Russian-born Liechtensteiner sports diplomat (1912–2018)

Baron Eduard Oleg Alexandrowitsch von Falz-Fein (14 September 1912 – 17 November 2018) was a Liechtensteiner businessman, journalist, and sportsman.

==Biography==

Von Falz-Fein was born in Havrylivka, Kherson Governorate, Russian Empire (now Ukraine). His father Alexander Eduardovich was an agronomist, brother of the founder of the Askania-Nova biosphere reserve in southern Ukraine, Friedrich von Falz-Fein. His mother Vera Nikolaevna was from a family of generals and admirals of the Russian fleet Yepanchins.

He served as a "sports diplomat" who under his initiative, alongside Woldemar von Falz-Fein, formed the Olympic movement in Liechtenstein and was vice president of the Liechtenstein Olympic Committee in the mid-1930s.

In 1951 and from 1953 until 1973, he was President of the Liechtenstein Cycling Association. Falz-Fein funded much of the research on the identification of the Romanov family remains. He turned 100 on 14 September 2012. He was a cousin of an Olympic bobsledder Eduard Theodor von Falz-Fein (1912–1974). Falz-Fein died in a house fire in Vaduz on 17 November 2018 at the age of 106. At the time of his death, Eduard was the oldest living resident of Liechtenstein.

Falz-Fein is credited in Russia with helping bring the 1980 Summer Olympics to Moscow. Ideologically unfriendly to communism, he still considered Russia [the Soviet Union] his homeland and lobbied IOC members to vote for Moscow. He was friends with Soviet sports officials.

==Honours==

- Liechtenstein

- "Golden Laurel" (2003) (awarded in recognition of the outstanding achievements of successful athletes and people who have provided a great service for the sphere of sport in Liechtenstein)

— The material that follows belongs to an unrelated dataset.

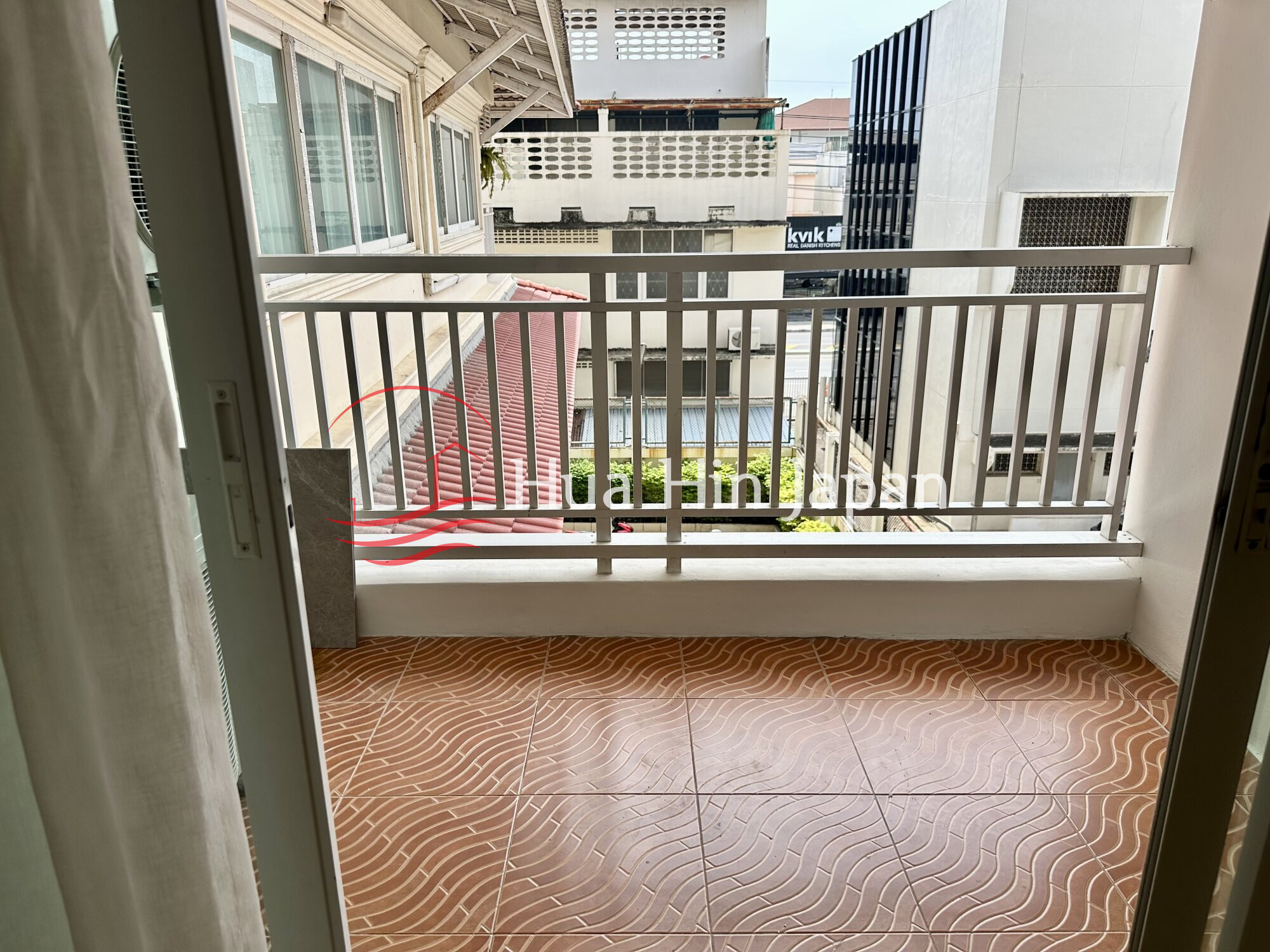 134 Sqm 3 Bed 2 Bath Condo For Sale&nbsp;in Baan Klang Hua Hin Condominium - Hua Hin - photo 4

- Baron of Liechtenstein - Liechtenstein nobility.

- Soviet Union

- Emeritus of the Union of Soviet Societies for Friendship and Cultural Relations with Foreign Countries "For contribution to friendship"

- Russia

- Order of Friendship of Peoples (26 October 1993) – for the active long-term advocacy of Russian culture abroad
- Order of Honour (14 September 2002) – for outstanding contribution to the preservation and promotion of Russian culture abroad, strengthening friendship and cooperation between the peoples of the Russian Federation and the Principality of Liechtenstein
- Pushkin Medal (20 August 2007) – for outstanding contribution to the preservation of the cultural heritage of Russia
- Medal "In Commemoration of the 300th Anniversary of Saint Petersburg"
- By the President of the Russian Federation (14 November 1998) – for outstanding contribution to the preservation and repatriation of Russian art and objects of historical heritage
- Order of St. Sergius, 2nd class (Russian Orthodox Church, 2002) – for outstanding contribution to the development of Russian culture and in connection with the anniversary
- Tsarskoye Selo Art Prize (1997)

- Ukraine

- Order of Prince Yaroslav the Wise
4th class (24 August 2012) – for a significant contribution to strengthening the international authority of Ukraine, the popularization of its historical heritage and modern achievements and to mark the 21st anniversary of the Independence of Ukraine
5th class (13 September 2007) – for outstanding contribution to the preservation of Ukrainian heritage, and active participation in the development of conservation and environmental education activities at the Biosphere Reserve Askania-Nova, named FE Pfalz-Fein Ukrainian Academy of Agricultural Sciences
- Order of Merit
1st class (15 November 2002) – for his significant contribution to the improvement of the international prestige of Ukraine, long fruitful charity
2nd class (22 May 1998) – for his significant contribution to the preservation of the Ukrainian historical and cultural heritage, the active promotion of the Biosphere Reserve Askania-Nova
- Honorary Insignia of the President of Ukraine (1994) – for long-term selfless activity to return to the Ukraine national cultural values, personal contribution to the renewal of the reserve Askania-Nova
- Diploma of the Cabinet of Ministers of Ukraine with a memorable mark (21 May 1998) – a personal contribution and active assistance in the restoration of historical and cultural heritage of the Biosphere Reserve Askania-Nova

- Other

- International Prize "Crystal Globe"
- Awarded to Nicholas Roerich (2004)

==Sources==

- Zadereychuk, Alla. Faltz-Feins in Tavria. –Simferopol: Dolya, 2010.
- article 2007
- Massie, Robert K. (1995). The Romanovs: The Final Chapter.
- Sack, John (1959). "Report from Practically Nowhere"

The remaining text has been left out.